Democracies seem fragile even to their strongest supporters. If the people can choose their rulers, how can we be sure they will make the right choices, that they will not select con men and charlatans to govern them? Even some of the founding fathers worried that the "people" might dissolve into an unthinking mob, wreaking havoc on a fragile government. For many Americans the only way to ensure that people make wise political choices is to make the people themselves wise. Children must go to school to learn the nation's ideals and duties as well as the rights and privileges of being a citizen. But what kinds of ideals should be taught to young people, and who should teach them?
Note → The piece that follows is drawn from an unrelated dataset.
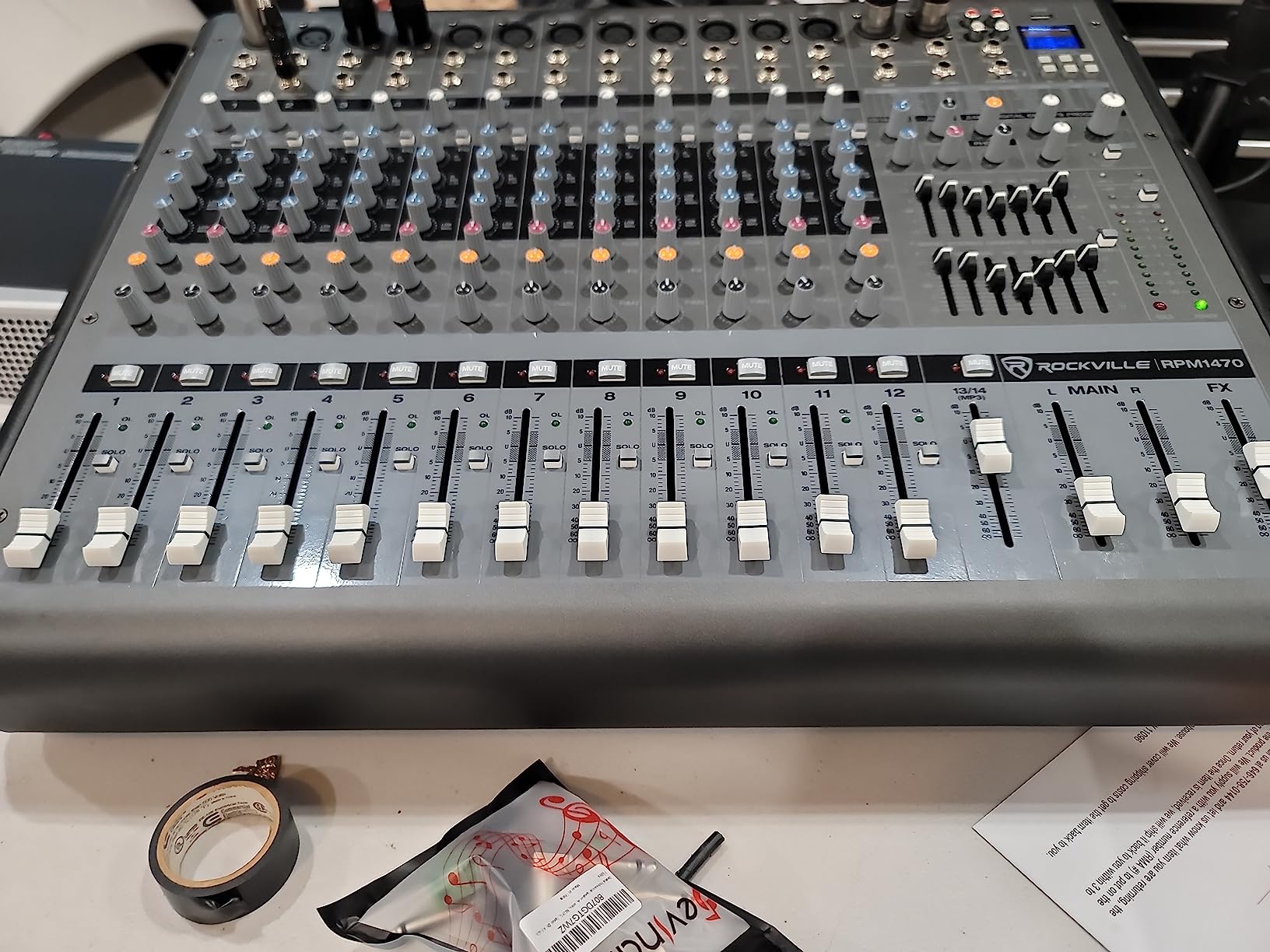Rockville RPM1470 6000W Peak 14-Channel Powered Mixer, 750W RMS x 2 at 4 Ohm, USB/Bluetooth, 24-Bit Effects, 14 XDR2 Mic Preamps, for Live Events/Church Bands customer photo 1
If America is comprised of an ethnically and religiously diverse people with differing ideas about national values, whose notions of those values should be imparted to children?

Americans have argued over the meanings of a public education since the public school movement first gained momentum in the early nineteenth century. In recent years those conflicts have focused on whether students of different ethnic backgrounds should study together, what history students should learn or what languages teachers should use in their classrooms. Yet the most enduring and bitterest of school controversies have been those involving the place of religion in schools: prayers in school, bible reading, and the possible conflicts between religious and scientific explanations of the universe.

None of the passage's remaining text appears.